## TASK INPUT
━━━━━━━━

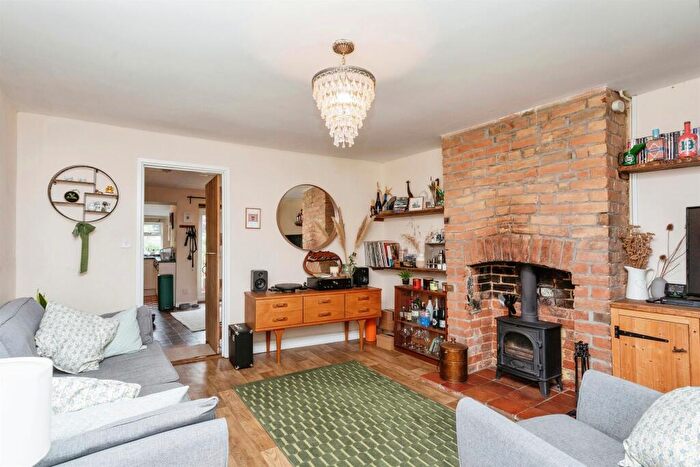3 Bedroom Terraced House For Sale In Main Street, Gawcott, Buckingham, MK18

━━━━━━━━

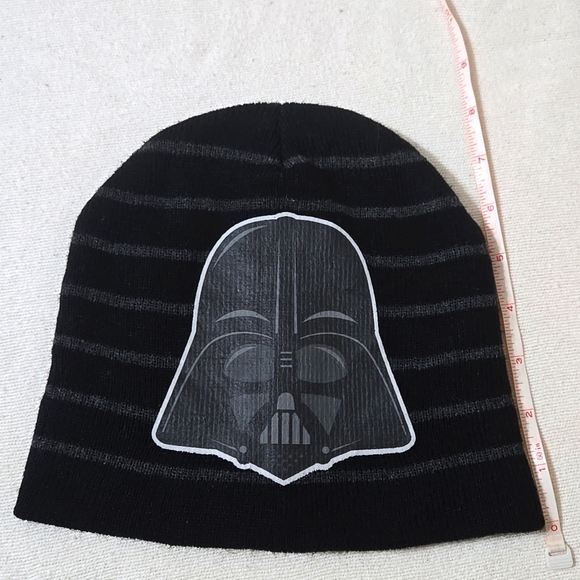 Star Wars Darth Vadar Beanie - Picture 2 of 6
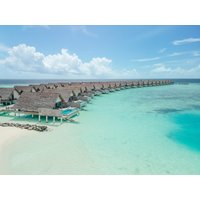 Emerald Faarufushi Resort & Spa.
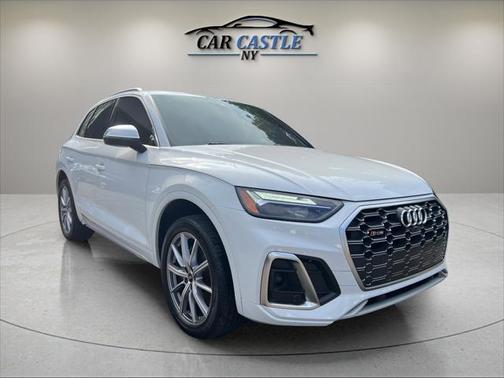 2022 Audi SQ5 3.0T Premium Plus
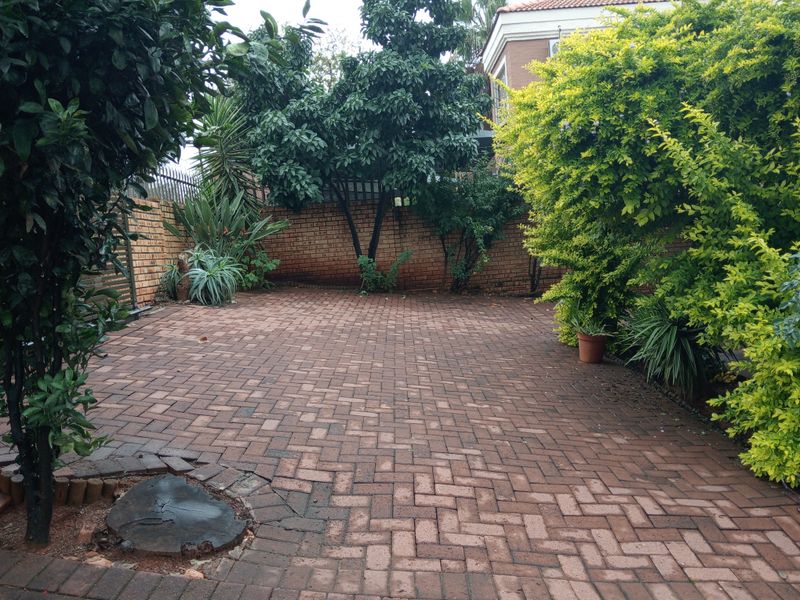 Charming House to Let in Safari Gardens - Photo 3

━━━━━━━━

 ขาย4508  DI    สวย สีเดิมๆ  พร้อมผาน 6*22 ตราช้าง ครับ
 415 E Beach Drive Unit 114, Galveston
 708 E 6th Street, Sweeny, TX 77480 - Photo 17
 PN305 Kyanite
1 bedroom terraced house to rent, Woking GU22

━━━━━━━━

## DIRECTIONS
Look above for the line with "2022 Audi SQ5 3.0T Premium Plus" and the line with "Charming House to". Output those two and everything between them exactly, pictures excluded.

## EXPECTED ANSWER
 2022 Audi SQ5 3.0T Premium Plus
 Charming House to Let in Safari Gardens - Photo 3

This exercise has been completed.